[15] Hugging

3.8K 244 12
                                    

"I was walking up the front porch steps
After everything that day,
Had gone all wrong or been trampled on
And lost and thrown away"
– Our Song,Taylor Swift

***

SABTU ini, seperti yang direncanakan, semua anggota eskul mading akan berkunjung ke salah satu pantai fenomenal di pulau jawa. Aku sudah jelas tidak akan ikut, mau bagaimanapun Regen memaksaku, dia sama sekali nggak tahu apa-apa. Jadi daripada aku nangis-nangis histeris disana, merengek minta pulang seperti anak kecil yang diajak ibunya pergi arisan, aku memilih tinggal.

Rencananya, hari ini akan aku habiskan dengan bermalas-malasan di kasur sambil mendengar musik yang diputar di tape kecil milik aku dan Dilla. Btw, kita patungan dulu. Jadi aku tidak bisa seenaknya menganggap itu punyaku.

"Lo nggak nge date? Bisanya pagi-pagi udah ribut janjian ini itu" celotehku, melihat Dilla yang masih bergelut di kasurnya juga setelah solat subuh.

Cewek itu melirikku sekilas lalu kembali menenggelamkan wajahnya di bantal,

"Gue Jomblo sekarang"

Aku tersedak ludahku sendiri. Selanjutnya, tawaku malah pecah dan tidak bisa ditahan lagi. Jadi, sekarang, kakakku yang doyan banget gonta-ganti pacar ini, jadi jones alias jomblo ngenes?

"Heeuuh, Dy, gue ditipu lagi. Dia ternyata, udah punya tunangan" kata Dilla, mencicit.

Tawaku sedetik berhenti, lalu kemudian berderai lagi. Puas, akhirnya kakakku ini jomblo juga. Akhirnya, semoga Dilla tobat ya Allah.

"Lo sih nggak kapok-kapok. Udah tau cowok begitu, masih juga cinta setengah modar. Rasain kan, lo pikir ganteng sama baik aja cukup? Meteran lo terlalu cetek ngukur kriteria cowok. Dua orang yang saling cinta aja belum tentu bisa mempertahankan hubungannya, apalagi yang cuma searah. Come on lah Dill, gue nggak mau bilang masih banyak cowok diluar sana. Karena lo tau? Kita, cewek, kaum hawa, Cuma nyuri rusuk satu orang kaum adam. Kenapa? Karena takdir kita cuma satu orang. Dan kita harus percaya kalau orang itu lagi nyari kita juga sekarang."

Aku tidak sadar Dilla sudah bangkit dari posisi tidurnya. Melongo. Menatapku dengan mata membulat sempurna. Aku sendiri tertegun. Apa yang baru saja kukatakan tadi? Oh, yaampun, aku sudah merasa seperti Mario Teguh. Yaampun, aku belum siap botak. Tidaakk,

"It seriously Melody Aristya Aeldra?"

Aku mencibir.

"Bukan, itu tadi titisan Merry Riana" celetukku asal, dan sejurus kemudian, kami mulai perang bantal seperti biasa.
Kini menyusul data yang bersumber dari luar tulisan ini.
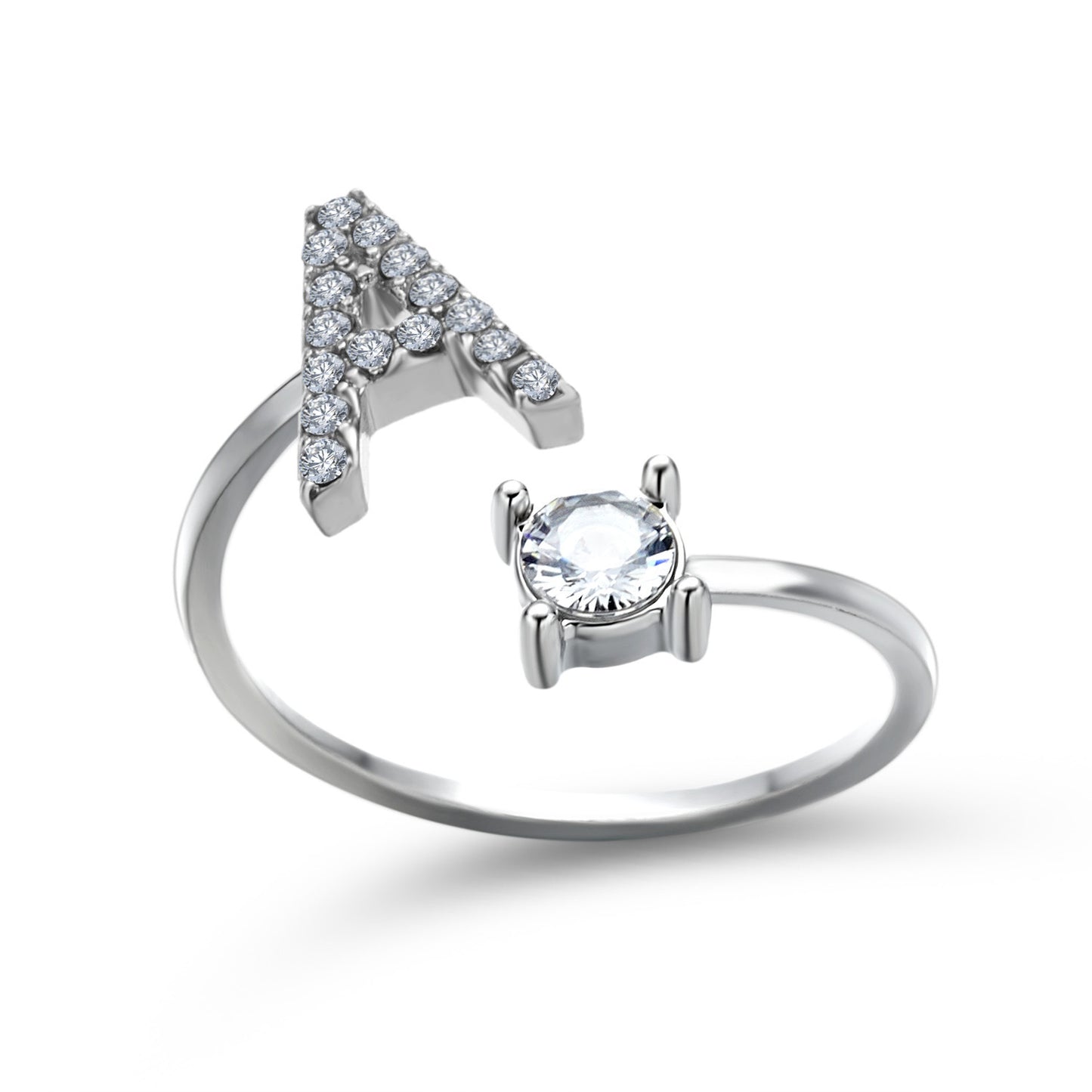 💍Verstellbarer Initialen-Ring mit Zirkonia (A–Z)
Sebagai pengiring mentari yang perlahan naik.

***

Ting nong,

"Iyaa bentarr!!!" aku berlari dari arah dapur sambil melepas celemek dora yang sudah belepotan minyak. Padahal aku hanya berusaha membantu mama memasak nasi goreng untuk sarapan, tapi jadinya malah hancur lebur nggak jelas gini. Yasudahlah, memang nggak ada bakat.

Aku membuka pintu rumah dan terkejut melihat siapa yang berdiri di balik pintu. Mau tahu siapa? Orang paling bikin kangen sejagatraya, papaku tercintah.

"PAAAHH KOK PULANG GA BILANG BILANG?!" Teriakku histeris, cukup untuk membuat seisi rumah berderap kearah pintu. Papaku ini baru aja pergi dinas ke Aceh. Nggak baru deng, udah dari seminggu setelah aku pindah ke Indonesia. Aku tahu sih, kepulangan papa kali ini ada misi khusus yang tidak lain dan tidak bukan adalah menikahkan anaknya. Oh, itu terlalu ambigu ya, maksudku, menikahkan kak Tania. By the way ini H-sebulan loh.

"Papaaaaa"

Semua orang langsung ribut memeluk papa dan merangsek keluar. Dasar keluarga ribet, emang ribet, ribet deh jelasinnya.